Too much reliance on one sector, says Deputy PM
In a deeply worrying development for Thailand’s massive Travel & Tourism industry, which last year generated a huge Bt 2.2 trillion of income (US$ 55.2 billion), and accounted for 20 per cent of GNP and 10 per cent of all jobs in Thailand, Deputy PM Supattanapong said that the country relied too much on tourism and that this was unacceptable.
This must be as worrying for property developers as well as investors. If the 39 million tourists that Thailand received last year in 2019 is never to be repeated, why do we need to continue building and investing in new hotels?
According to Thailand’s Nation newspaper, K. Supattanapong admitted that the Covid-19 outbreak had exposed cracks and faults in the Thai economy.
This is certainly a departure from what the Minister was saying back in August. The deputy PM, who also holds the Energy portfolio, announced then the formation of a new economic panel, and boasted that the new economic committee will boost tourism and employment. He said the panel agreed to increase subsidies for local tourists and create one million jobs in the near future to combat growing unemployment.
"It is unacceptable to let Thailand slide back to the period before Covid-19. Since the global economy is changing we must be more proactive in attracting foreign investors"
The deputy PM, who was speaking last week at the “Restart Thailand 2021” dinner talk held at Siam Paragon shopping complex in Bangkok, said: “The outbreak has had an especially heavy impact on small and medium businesses, prompting the government to spend over Bt 800 billion on SME aid measures including postponing debt repayment worth over Bt 6.8 trillion for 12 million SMEs.
“However, from July onwards, economic indicators have been pointing toward an improving trend thanks to cooperation from all parties in outbreak prevention, despite some minor impact from the political situations.

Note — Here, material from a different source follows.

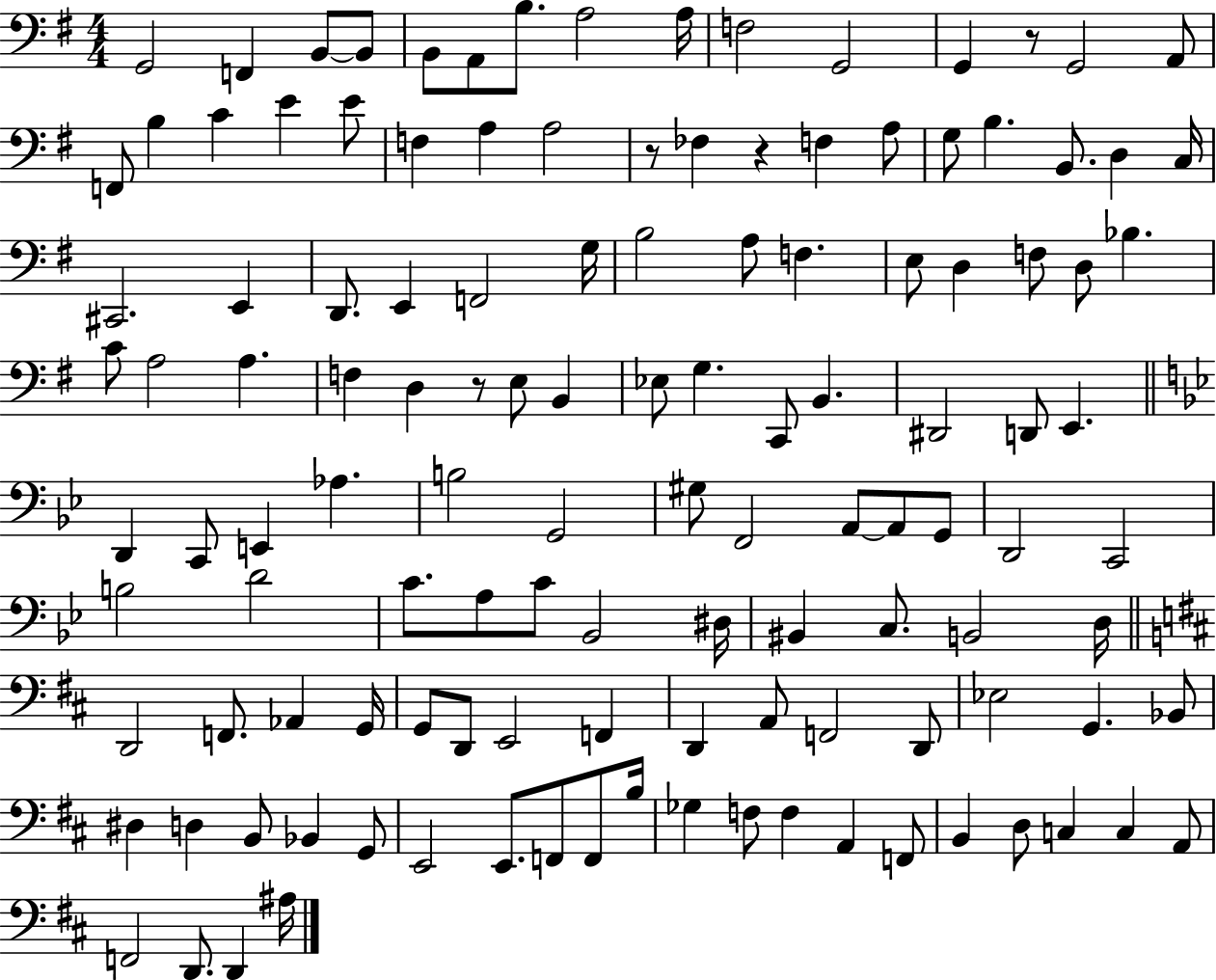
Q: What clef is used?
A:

“The tourism industry has shown improvement, with about 30 per cent occupation, jumping from just 6 per cent in April, thanks to the government’s economic stimulus campaigns such as the ‘Let’s Go Halves’ shopping subsidy,” he added.
“Through the Thai Credit Guarantee Corporation, the government is also planning to provide an additional Bt 150 billion in loans to help small and medium businesses.
“The battle against Covid-19 is not over yet. The government still has many projects in the coming year to boost the economy, attract foreign investors and build infrastructure for future expansion,” the minister added.
“These projects include the construction of 14 Skytrain lines in Bangkok covering 500 kilometres in the next four to five years, larger than London’s Underground, and the infrastructure projects in the Eastern Economic Corridor to support digital technology, 5G and robotics industry.
“It is unacceptable to let Thailand slide back to the period before Covid-19. Since the global economy is changing we must be more proactive in attracting foreign investors, and the agencies responsible for this are the Board of Investment Office and Eastern Economic Corridor Office,” Supattanapong said.
“The next step will be to put Thailand on the list of top 10 countries with ease of doing business, which is a goal proposed by five countries who are our major trade partners.”
2021 will be the year of investment.
The deputy PM further explained that next year the government will focus on investing in new industries that will help reduce reliance on export and tourism. “Bangkok will be the centre of regional offices of multinational companies, while Thailand’s automotive industry will focus on the manufacturing of electric vehicles (EVs),” he said.
“EVs will create other related industries such as smart equipment manufacturing and electricity generating from renewable energy. This will create a great opportunity for Thailand to further invest in community power plants, as well as biomass and solar power plants in Laos,” he concluded.